§ Problem statement: Exactly the lines starting at the line containing "20505 E Country" and ending at the line containing "黒毛和牛一頭買い焼肉 道頓堀みつる - 追加のハンバーグはこんな感じで出てきます" are to be written out from the listing below, both included.

§ Data for processing:
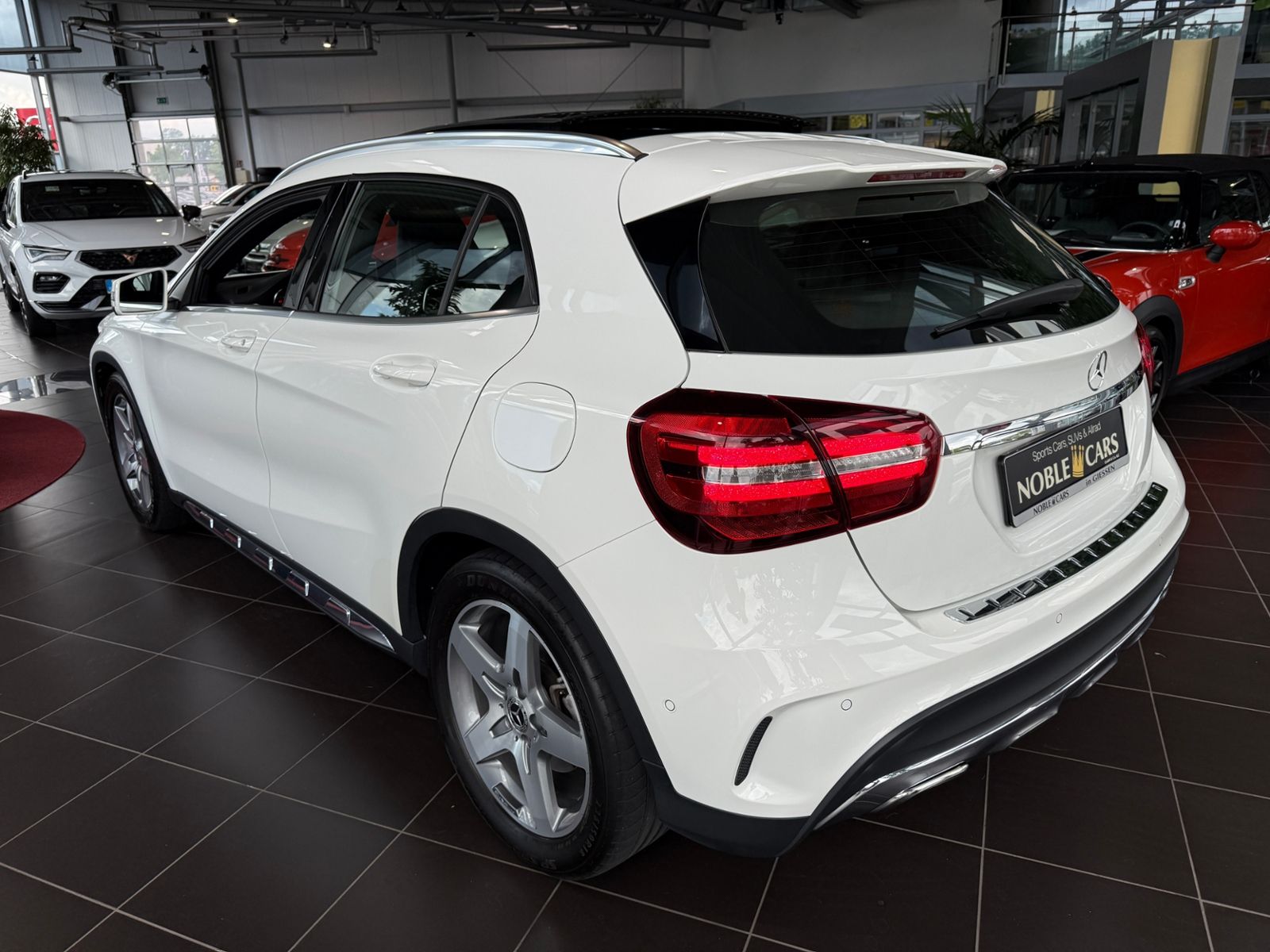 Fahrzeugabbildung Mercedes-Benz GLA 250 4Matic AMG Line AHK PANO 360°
* * *
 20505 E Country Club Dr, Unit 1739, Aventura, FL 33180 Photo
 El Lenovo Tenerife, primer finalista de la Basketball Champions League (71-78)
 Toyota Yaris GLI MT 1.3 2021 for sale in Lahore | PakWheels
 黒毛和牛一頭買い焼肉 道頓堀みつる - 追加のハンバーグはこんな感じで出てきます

§ Answer below:
 20505 E Country Club Dr, Unit 1739, Aventura, FL 33180 Photo
 El Lenovo Tenerife, primer finalista de la Basketball Champions League (71-78)
 Toyota Yaris GLI MT 1.3 2021 for sale in Lahore | PakWheels
 黒毛和牛一頭買い焼肉 道頓堀みつる - 追加のハンバーグはこんな感じで出てきます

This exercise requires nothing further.